Block had similar feelings about Dunfee. “Emy is an incredible partner,” noted Block, mentioning how Dunfee’s domain expertise allows her to develop the best possible solutions and that she takes the time to educate others on very complex topics in cybersecurity. “She is a great leader for our organization. »
Continuous learning
Dunfee explained that, like many financial institutions, FirstBank frequently encounters phishing attempts and credential stuffing attacks. She explained that the cybersecurity threat landscape is constantly evolving, making continuous learning essential.
“Security leaders need to be able to mitigate different types of attacks, and it’s critical that the technologies we invest in can do the same,” she stressed.
Dunfee is confident in his team’s response actions and strategies, but continually pushes those teams to stay abreast of developments in the field.
“Supporting continuing education opportunities as well as red team exercises ensures that our teams’ skills evolve with the threats themselves,” Dunfee noted.

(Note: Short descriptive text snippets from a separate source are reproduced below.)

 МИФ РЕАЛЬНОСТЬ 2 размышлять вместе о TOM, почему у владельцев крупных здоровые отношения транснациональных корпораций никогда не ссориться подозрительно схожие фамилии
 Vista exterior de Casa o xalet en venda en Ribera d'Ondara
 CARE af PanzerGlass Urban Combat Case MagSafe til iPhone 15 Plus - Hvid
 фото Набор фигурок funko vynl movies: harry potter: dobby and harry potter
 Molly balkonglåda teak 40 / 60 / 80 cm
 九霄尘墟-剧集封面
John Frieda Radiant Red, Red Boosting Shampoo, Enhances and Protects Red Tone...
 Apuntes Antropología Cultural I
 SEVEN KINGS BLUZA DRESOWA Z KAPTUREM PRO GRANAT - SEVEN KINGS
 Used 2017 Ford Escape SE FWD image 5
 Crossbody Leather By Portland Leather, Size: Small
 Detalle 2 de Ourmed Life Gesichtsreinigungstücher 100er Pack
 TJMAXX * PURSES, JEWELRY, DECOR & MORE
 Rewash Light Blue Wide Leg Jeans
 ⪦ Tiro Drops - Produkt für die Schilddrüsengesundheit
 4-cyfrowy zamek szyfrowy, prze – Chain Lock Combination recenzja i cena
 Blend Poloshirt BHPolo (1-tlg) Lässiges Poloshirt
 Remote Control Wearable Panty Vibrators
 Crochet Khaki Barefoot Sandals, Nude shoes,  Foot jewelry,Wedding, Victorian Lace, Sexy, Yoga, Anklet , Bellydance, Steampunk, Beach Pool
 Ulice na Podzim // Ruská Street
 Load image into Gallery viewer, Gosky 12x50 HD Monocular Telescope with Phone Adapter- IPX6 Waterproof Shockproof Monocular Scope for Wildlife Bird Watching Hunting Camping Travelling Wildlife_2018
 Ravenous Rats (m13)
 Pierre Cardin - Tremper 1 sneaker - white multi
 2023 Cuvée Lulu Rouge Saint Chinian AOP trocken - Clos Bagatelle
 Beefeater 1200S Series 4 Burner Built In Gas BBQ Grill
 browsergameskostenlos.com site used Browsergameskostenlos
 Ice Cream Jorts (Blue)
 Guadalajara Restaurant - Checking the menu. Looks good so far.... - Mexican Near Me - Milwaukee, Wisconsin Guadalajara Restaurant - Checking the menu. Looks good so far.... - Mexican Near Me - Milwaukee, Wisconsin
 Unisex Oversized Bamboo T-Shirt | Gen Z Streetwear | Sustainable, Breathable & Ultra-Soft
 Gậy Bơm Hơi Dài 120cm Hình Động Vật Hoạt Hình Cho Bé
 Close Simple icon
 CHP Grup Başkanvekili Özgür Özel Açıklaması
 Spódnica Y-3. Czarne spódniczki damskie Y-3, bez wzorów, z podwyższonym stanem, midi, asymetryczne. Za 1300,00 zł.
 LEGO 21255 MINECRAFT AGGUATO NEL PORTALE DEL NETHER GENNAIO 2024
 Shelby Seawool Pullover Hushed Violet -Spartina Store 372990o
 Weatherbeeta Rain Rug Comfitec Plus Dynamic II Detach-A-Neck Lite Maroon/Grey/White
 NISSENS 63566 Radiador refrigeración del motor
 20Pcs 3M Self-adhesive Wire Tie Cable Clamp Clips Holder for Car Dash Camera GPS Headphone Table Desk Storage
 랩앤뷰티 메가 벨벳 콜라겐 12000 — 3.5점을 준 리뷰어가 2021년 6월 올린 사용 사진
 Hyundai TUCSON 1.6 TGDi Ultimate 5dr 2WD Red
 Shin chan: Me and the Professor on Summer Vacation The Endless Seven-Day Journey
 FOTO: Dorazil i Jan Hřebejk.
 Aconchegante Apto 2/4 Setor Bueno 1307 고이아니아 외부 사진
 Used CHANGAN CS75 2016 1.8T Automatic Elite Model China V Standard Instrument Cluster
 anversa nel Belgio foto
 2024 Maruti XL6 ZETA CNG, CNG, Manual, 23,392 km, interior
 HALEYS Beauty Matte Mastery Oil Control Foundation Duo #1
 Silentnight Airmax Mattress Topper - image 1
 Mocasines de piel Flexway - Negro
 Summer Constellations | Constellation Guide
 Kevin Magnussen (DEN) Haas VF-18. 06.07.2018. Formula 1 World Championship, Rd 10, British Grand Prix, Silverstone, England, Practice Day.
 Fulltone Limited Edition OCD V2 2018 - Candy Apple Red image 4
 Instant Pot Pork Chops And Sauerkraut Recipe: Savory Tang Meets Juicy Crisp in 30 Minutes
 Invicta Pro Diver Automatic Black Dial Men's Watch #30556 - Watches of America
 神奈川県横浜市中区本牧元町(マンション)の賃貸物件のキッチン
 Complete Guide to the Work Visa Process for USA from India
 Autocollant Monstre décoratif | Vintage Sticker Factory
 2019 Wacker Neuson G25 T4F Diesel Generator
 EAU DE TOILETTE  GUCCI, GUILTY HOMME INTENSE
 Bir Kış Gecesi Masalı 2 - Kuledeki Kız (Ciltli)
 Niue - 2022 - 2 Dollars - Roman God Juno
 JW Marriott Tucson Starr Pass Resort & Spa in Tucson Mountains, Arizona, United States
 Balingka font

Team members attend conferences throughout the year and the security program “maintains a continuous RSS feed from key information sources to review product announcements, threat intelligence and updates.” up-to-date in the industry,” added Dunfee.
“On the technology side, we encourage staff to research and experiment as part of their jobs,” Block said.
“We encourage staff to research and experiment as part of their work. »
Block explained that she welcomes technical experts to conduct training so the team can learn new skills. “We also make cloud-based sandbox environments available to technology staff to provide a safe place for experimentation. »
“FirstBank’s security teams are highly collaborative and engaged,” added Dunfee. “We pride ourselves on having a supportive culture. If there’s a product, concept or innovation that interests you, we’re happy to hear about it.
Today, FirstBank uses AI as its first line of cybersecurity defense against hackers and other nefarious actors who pose a threat to the security of its customers’ financial data.
“It’s such an exciting time to be in security and technology, with all the new ways to harness the capabilities of AI. However, deriving real, tangible value from these capabilities is the strategic goal,” concluded Dunfee.